Ruhumun üzerinde bir özgürlük bir rahatlamışlık his ederdim.

Yalan yok hile yok kandırma yok ...

Görevini yerine getirme sevinci ve mutluluğuyla..

***

Yaş ilerledikçe oruç baskısı artıyor yatlı okulda oruç tutmayanlarla arkadaşlar dalga geçiyordu.

Oruç tutmadan, tutuğumuzu anne babalarımız yutuyordu ama arkadaşlar yemiyordu.

üçkağıtçılığı kendilerinden biliyorlardı.

Birde 30 gün boyunca oruç tutmanın günahları sildiğini öğrenmiştim

o zaman aklıyla işte, sanki ne günahım varmış bir ay boyunca tutuğumu hatırlarım.
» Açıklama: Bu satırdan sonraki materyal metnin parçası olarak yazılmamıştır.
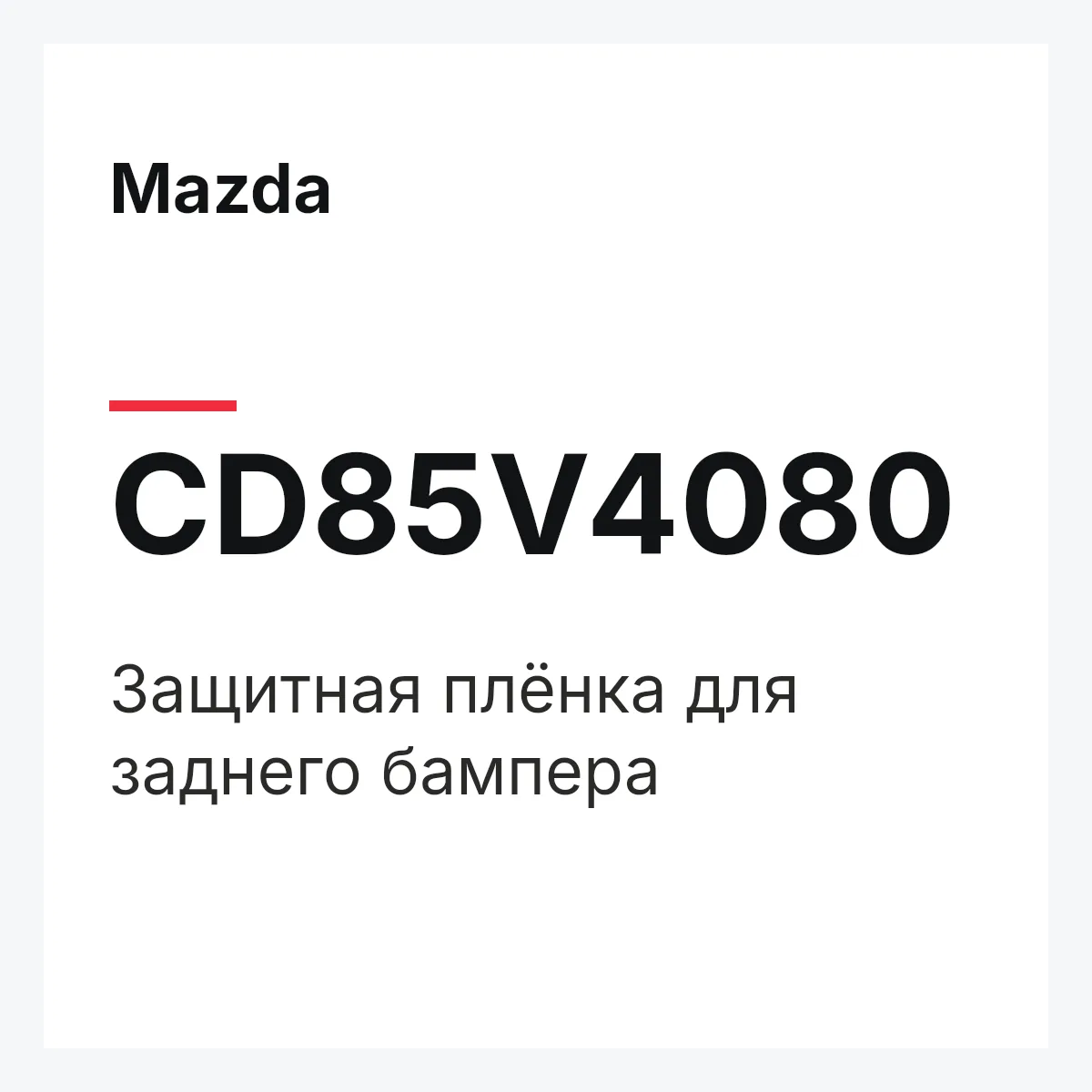 Mazda CD85V4080 — Защитная плёнка для заднего бампера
sonra din hocamız Namazsız oruç tutmanın,aynen aç bırakılmış ve bağlanmış bir eşeğe benzeterek önceden tutuğumuz tüm oruçları bize zehir etmişti.onca emek boşa gitmişti.

Yapılacak bir şey yok bir daha ki ramazana hem oruç tutulacak hemde namaz kılınacak.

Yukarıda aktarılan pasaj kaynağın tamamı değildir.